A fresh recruit to the National Security Agency (NSA), you have a new mission: find out who’s leaking TOP SECRET documents to the press. Stop them by whatever means necessary.

A single selector (phone number, email address, name) is all it takes for your team to surveil a target. It’s your job to decipher the intel, and follow the trail to its source.

But surveillance has a price…

In the paranoid world of the NSA, anyone can become a target, and soon your friends are in the firing line.

Part of his project is also to finish and release the play-by-email storytelling tool for general use, so I invited him to talk a little more about what that is and how it will work.

ES: Aside from (obviously) the Snowden concept, what sorts of stories do you think would lend themselves to this presentation?

JL: One of the great things is that it is truly “real time”. So with the Snowden story, I want to roughly match the 2 weeks in the run up to the leaks as they happened. It allows the author to pace the story and give time to the player to make choices and reflect on what’s happening. You can also inject meaning into the time between messages as well as content. e.g. if someone is excited, or angry about a conversation they may reply quickly, whereas disinterest, low spirits, or just being busy may result in delayed responses.

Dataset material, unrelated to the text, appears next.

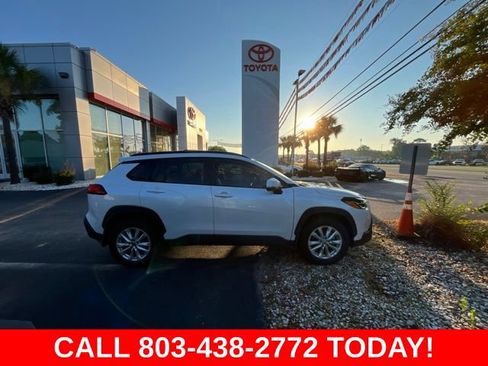 Used 2024 Toyota Corolla Cross LE FWD image 2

So I think there are rich mechanical opportunities to explore, but to be honest, I’m not sure what’s best for it – I’m discovering as I go!

I know there is a game called Lifeline on iOS which was app-based but also real-time. I haven’t played it (don’t own an iPhone), but I know that used time to give a sense of progression. e.g. the player would decide where the character should go, and several hours later, the character would ping to say they’ve arrived. (I’m sure they did more interesting stuff than this).

ES: How is your system deciding what to send back to players? Is it doing a simple keyword search on their email response, or is something more going on here?

JL: Yes, I can specifiy multiple keywords (or keyphrases) and trigger events when the keyword/keyphrase is detected. Such events include:

– sending a new message in the current email thread
– sending a new message in a new thread
– spawning concurrent email threads
– emails which are sent if none of the keywords are matched
– emails which match against any response

All the data is generated by a client-side web application I have created.

Continue reading “[Top Secret] (James Long) and a play-by-email IF tool”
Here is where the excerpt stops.